100 Faces of Port Talbot - Under my umbrella - ella - ella

100 Faces of Port Talbot - Under my umbrella - ella - ella

How I crouched in a doorway, under an umbrella, to produce one of my latest sketches

It's July, so there should be no problem in striking our on a Saturday morning to make another urban sketch, right? Well, if you know the UK in general, and Wales in particular you'll know that this is by no means a given. Yesterday dawned grey and wet, but I couldn't allow that to daunt me from my purpose. I drove a few miles out of town, and huddled in a doorway, under a golfing umbrella (so called because it has 18 holes in it - I'm here all week, ladies and gents) and produced this sketch of the Royal Oak pub in Bryn.
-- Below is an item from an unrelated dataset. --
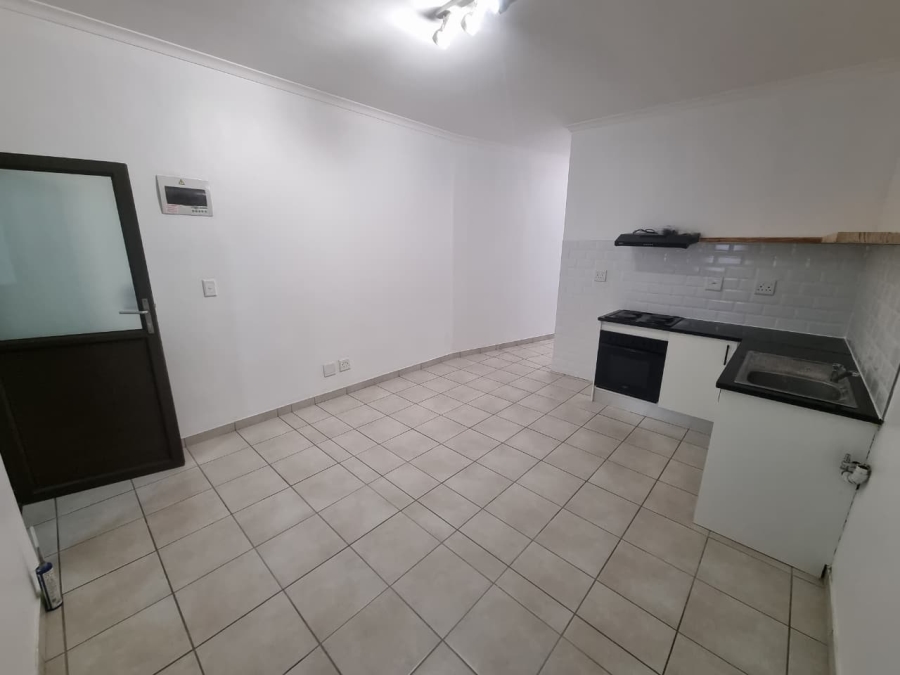 To Let 2 Bedroom Property for Rent in Observatory Western Cape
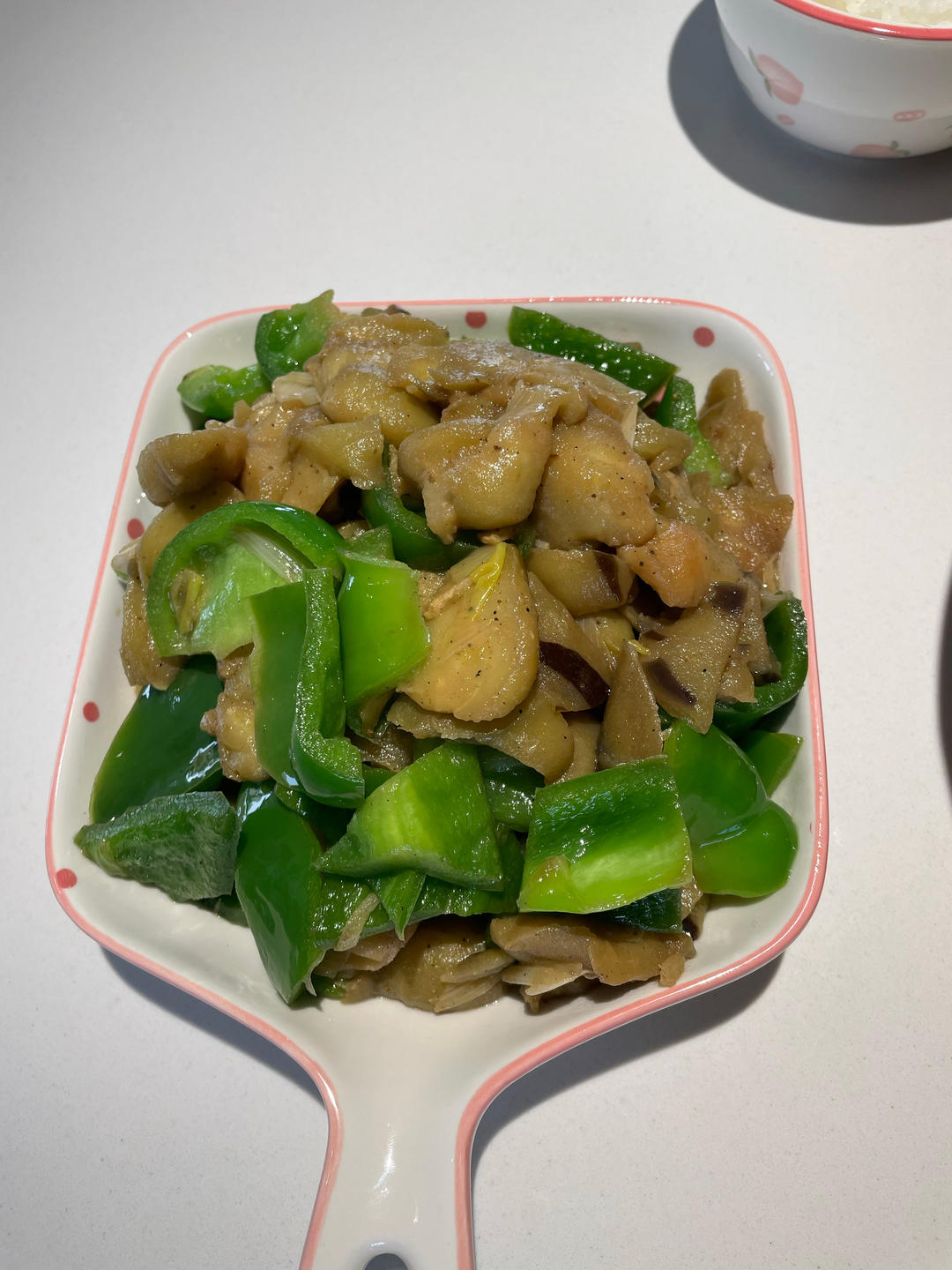 年轻人的素炒茄子的做法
Bryn is a small community, situated in the Llynfi Valley, just before the border between Port Talbot and the county of Bridgend. Bryn means hill, and that makes it a very appropriate name for the place. In the course of playing in the Bridgend Quiz League, at least once a year I've driven from Port Talbot to Maesteg, which means passing through Bryn. Apart from the lovely rounded end of the pub, the really intriguing thing about it is that if you come from Maesteg, it's at the bottom of a long, open downhill road, and this large pub seemingly sits in the middle of nowhere with nothing around it. Of course there are houses hidden behind it and just down the road around the bend, but even so it's a striking sight.